Administration management. Additional third-party, specialty tools that focus on configuration and provisioning, along with event and address management, among other capabilities. Companies in this space include Kurmi, Oracle, Unify Square, and VOSS.
Endpoint management. Specialty tools that provide performance data and remote administration on endpoints, such as headsets, handsets, and video devices. Companies in this space include Cisco, Jabra, and Poly.
Most organizations use UCC platform providers (54.8%) or third-party performance management tools (53.5%), while fewer use contact center platform providers (36.1%), endpoint providers (34.2%), and third-party administration management tools (33.5%).
IT staffs often think they will get what they need from platform management tools—and about half do. The rest say they need additional specialty tools to get the depth of data, multi-vendor integration, or reporting required.

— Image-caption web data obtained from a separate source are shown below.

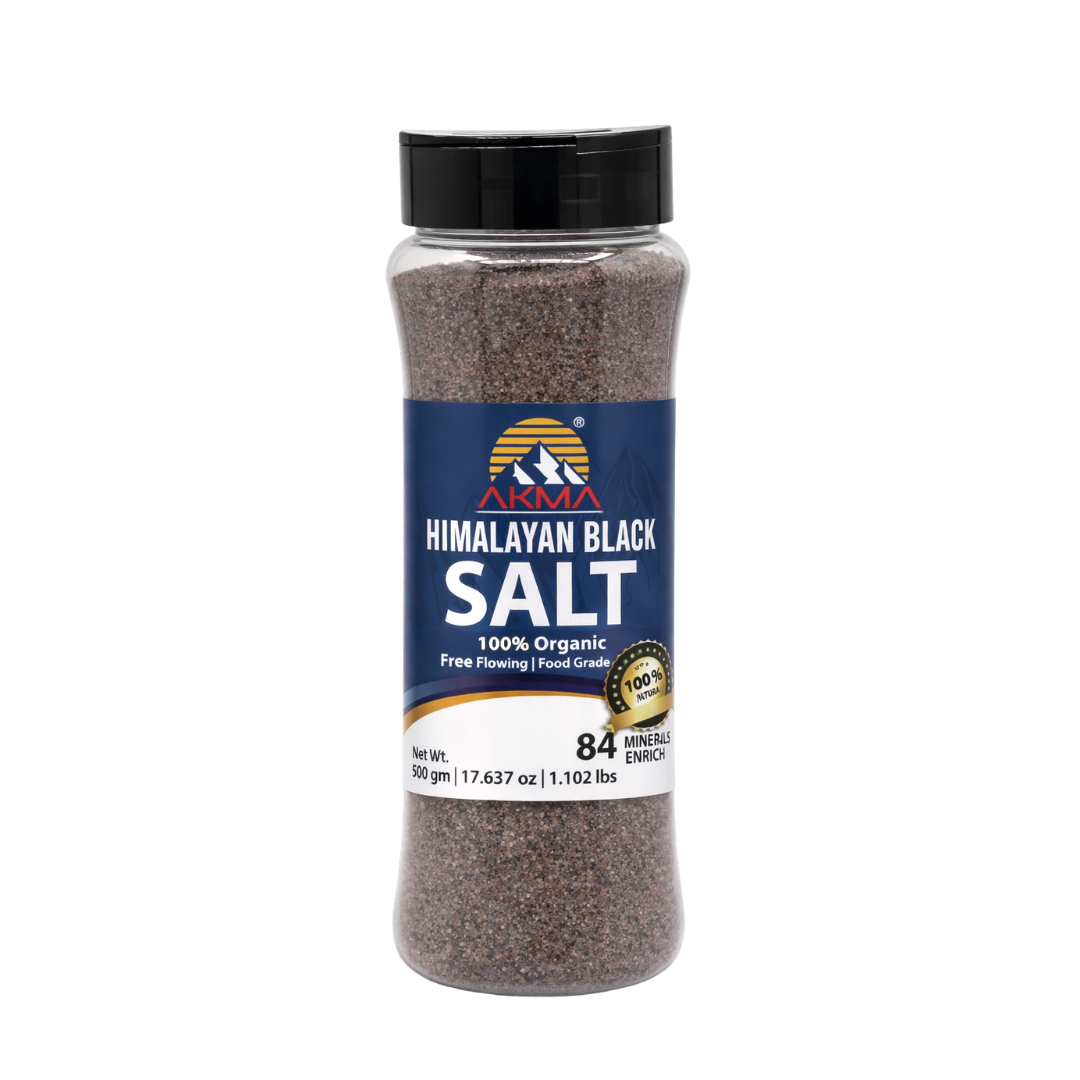 AKMA HIMALAYAN BLACK SALT FINE | SHAKER BOTTLE 500 g | 17.63 oz | 1.10 lbs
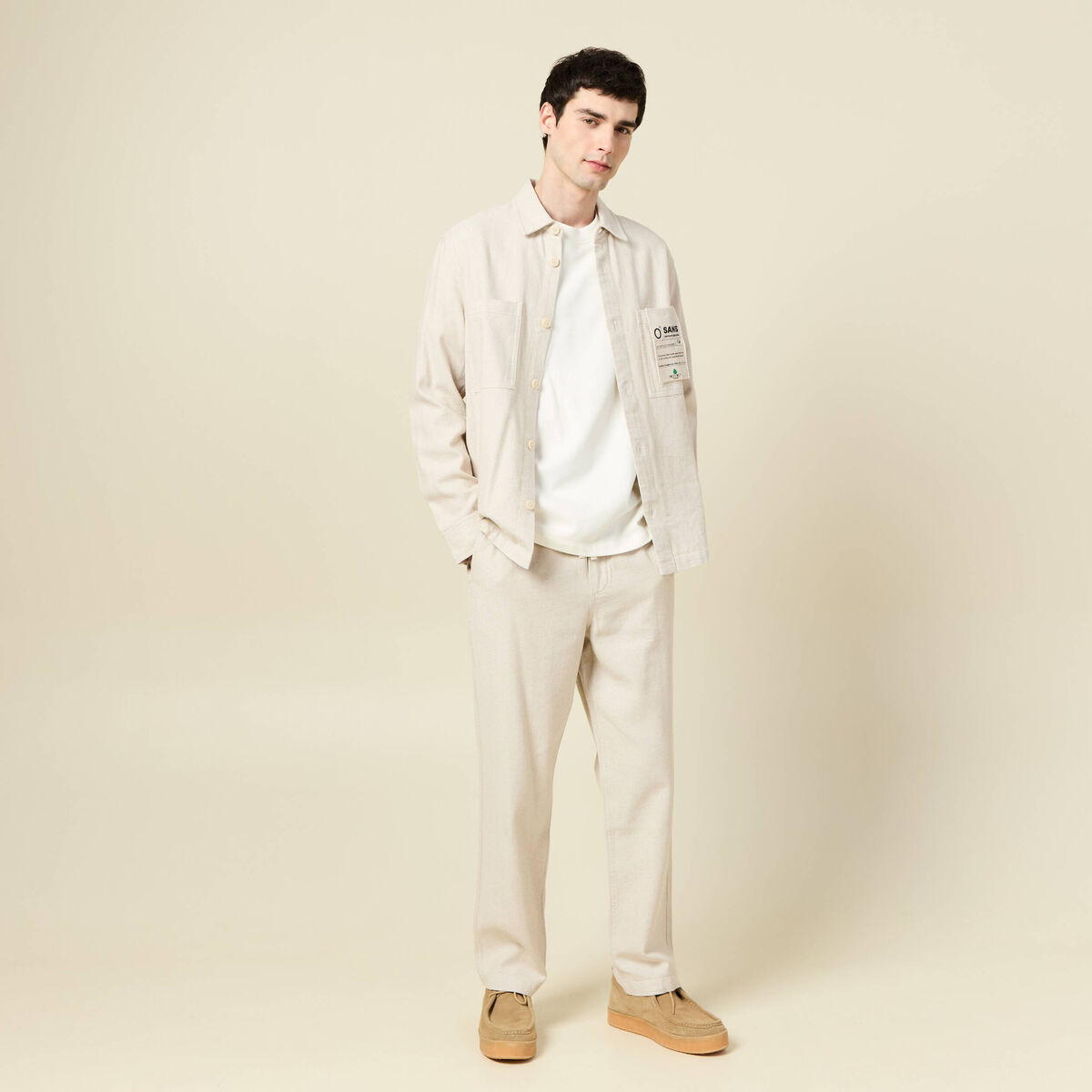 Pantalon chino beige homme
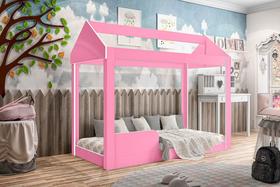 Cama montessoriana crystal baby rosa com colchão - J&A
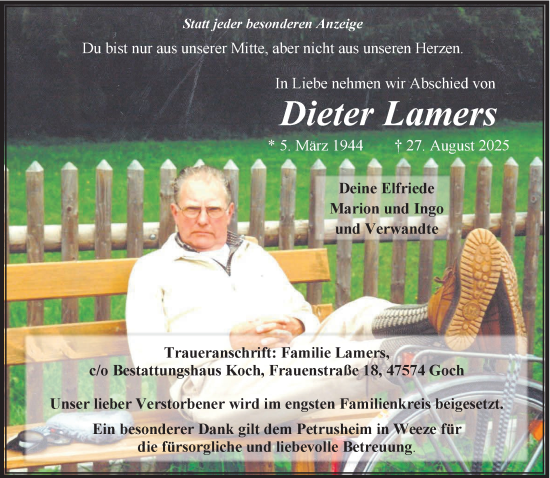 Traueranzeige von Dieter Lamers von NNA
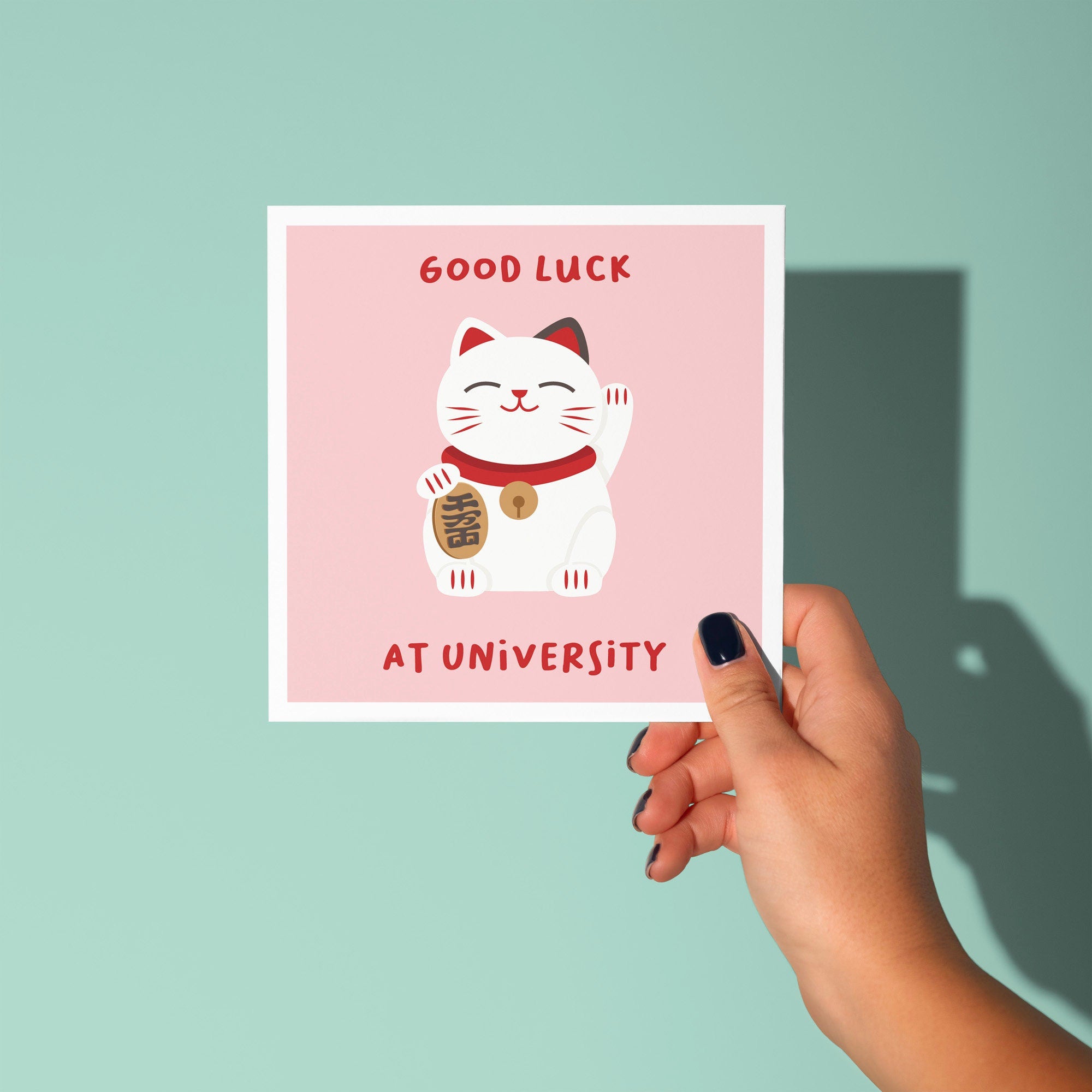 Lucky Fortune Cat - Good Luck At University Card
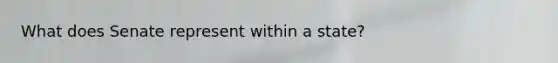 What does Senate represent within a state?
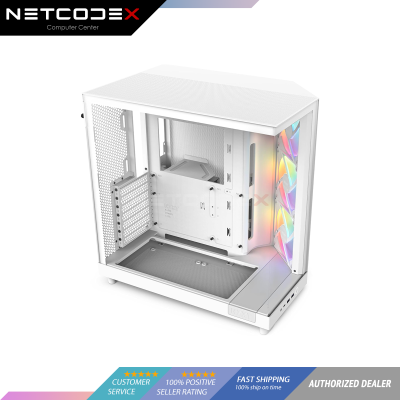 NZXT H6 Flow RGB Compact Dual-Chamber Mid-Tower Airflow Case Includes 3 x 120mm RGB Fans Panoramic G...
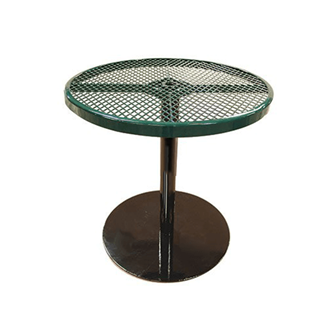 36TABX30 - 36" Round Expanded Metal Dining Height Pedestal Table With Cast-Iron Base
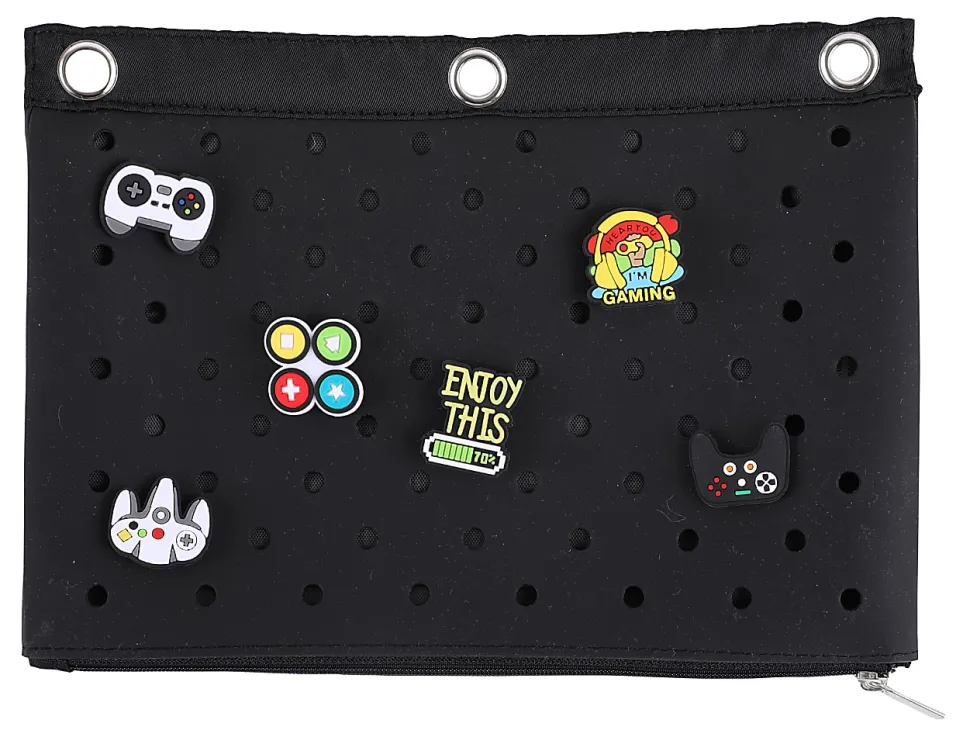Office Depot® Brand 3-Ring Silicone Pencil Pouch With Charms, 7" x 9-13/16", Black
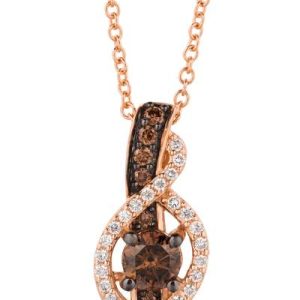 Le Vian Chocolatier® Pendant featuring 1/4 cts. Chocolate Diamonds® , 1/10 cts. Vanilla Diamonds® set in 14K Strawberry Gold®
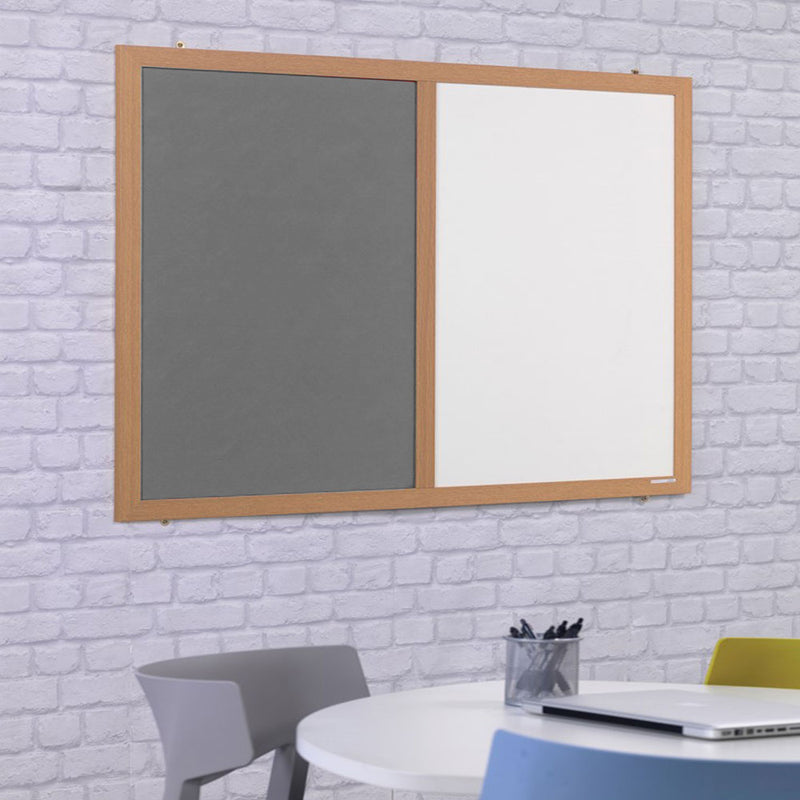 Eco-Friendly Combination Grey Felt Noticeboard with Whiteboard and Wood Effect Frame  - 2400 x 1200mm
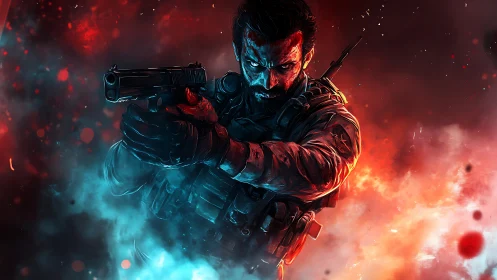 Heavily armed soldier aims handgun amid red and blue smoke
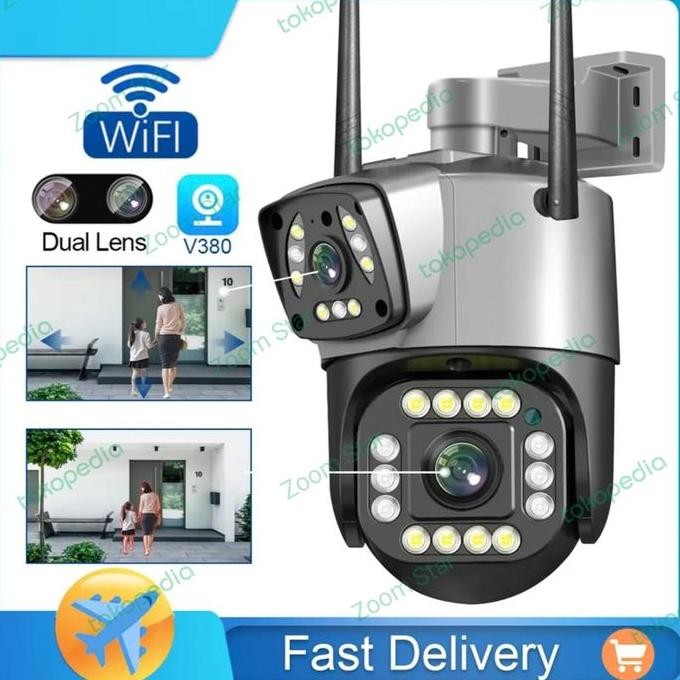 CCTV DUAL CAMERA LENS OUTDOOR 8MP+8MP SPEED DOME APP V380PRO IP CCTV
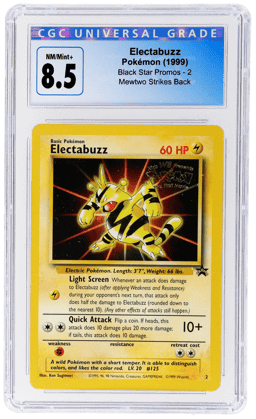1999 Pokemon Wizards of the Coast Black Star Promo Mewtwo Strikes Back Electabuzz #2 CGC 8.5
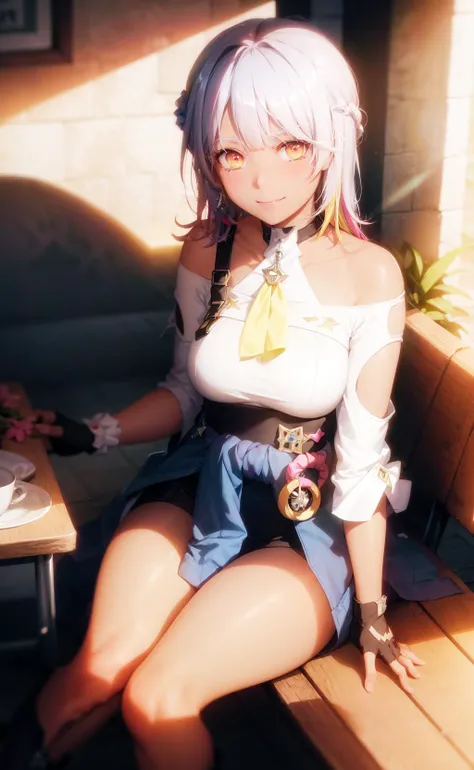 (masterpiece:1.2), best quality, absurdres illustration, 8k, realistic shadows, volumetric lighting, (cute:1.1), ambient lighting, colorful, cowboy shot, textured skin, blush, beautiful detailed shadows, light rays, skindentation, long eyelashes, beautiful detailed eyes, ultra-realistic, realistic, perfect pupils, holographic, incidence of light, cinematic lighting,
light smile, cafe, outdoors, plants, street, chair, desk, sun, parasol,
Carole_Peppers, 1girl, jacket around waist, solo, fingerless gloves, bangs, dark-skinned female, sitting, bare shoulders, boots, yellow eyes, sitting, thighs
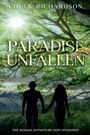 "PARADISE UNFALLEN" zeigt zwei Silhouetten, die sich in einer waldigen Landschaft mit Bergen im Hintergrund die Hand halten.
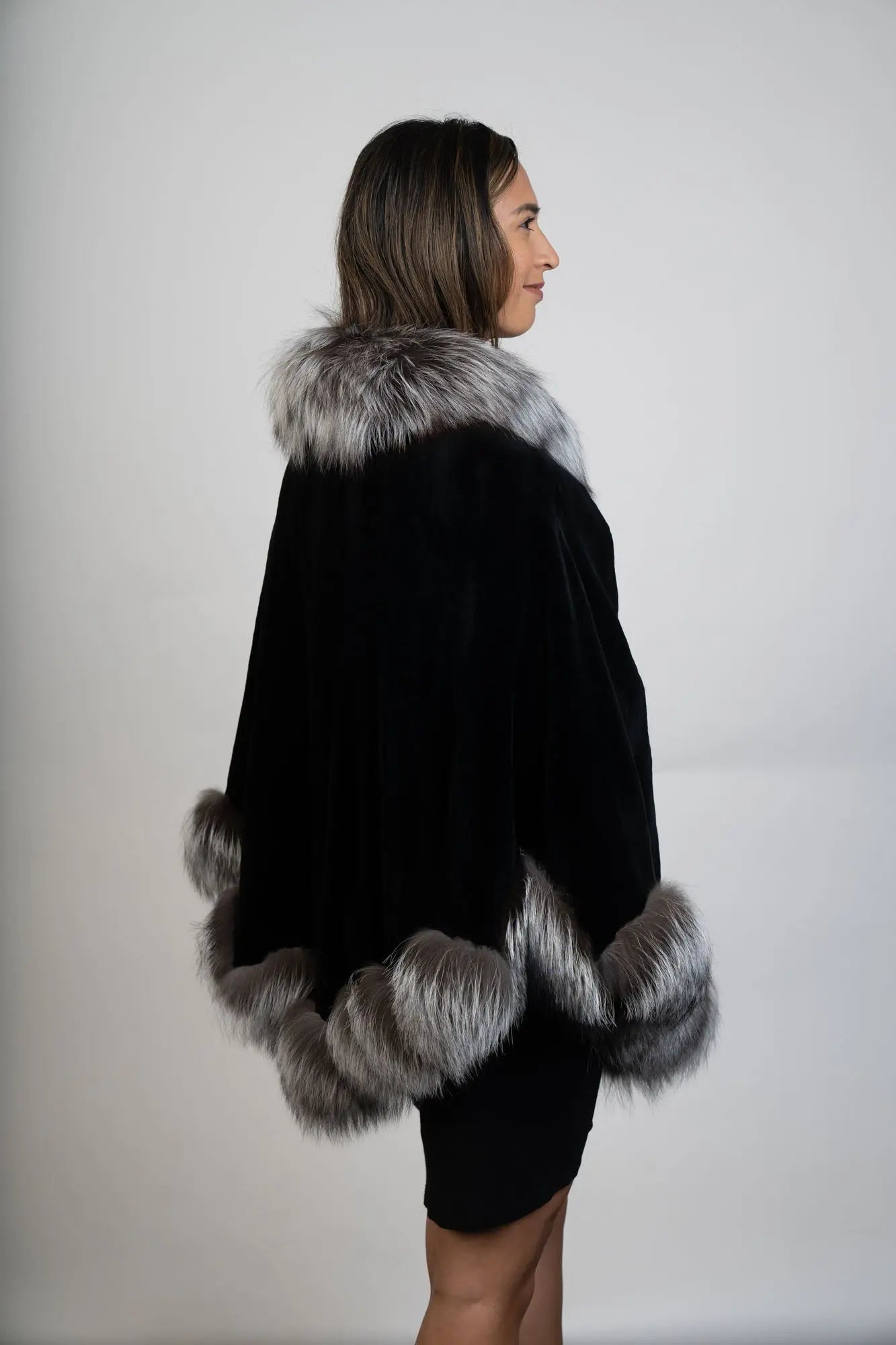 Black Sheared Mink Cape with Silver Fox Trim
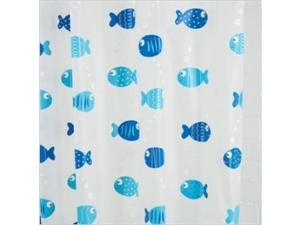 Croydex AE282524YWH Wiggly Fish Shower Curtain, White & Blue Croydex AE282524YWH Wiggly Fish Shower Curtain, White & Blue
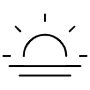 Sunrise Black Thin Outline free icon for commercial use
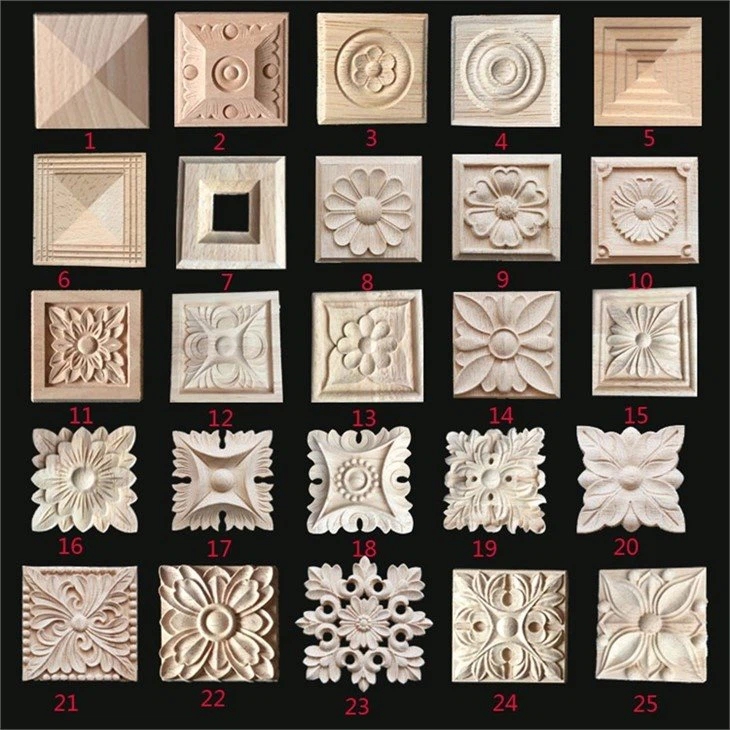 wood rosette appliques (4)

As companies move unified communications and contact center platforms to the cloud, they continue to use their own tools, vs. entirely outsourcing all operations and management. In fact, 61.5% of organizations said they would prefer management tools come from third parties so they can independently validate platform or cloud provider performance. Only about a quarter of companies fully outsource management. The rest either use their own tools (43.3%), or use both their own tools and outsourced services (30.8%).
There are no shortage of management and monitoring tools throughout all areas of IT, so it’s vital to document success with the addition of any new tool—and its associated cost. With employees working from home, IT staffs need help with configuration, provisioning, and performance management (particularly given the inconsistency inherent with Internet access). Our research participants saw impressive results when they added specialty tools, in particular:
15.5% decrease in mean time to repair with the addition of performance management tools (though companies with more than 1,000 employees saw a 33.8% improvement)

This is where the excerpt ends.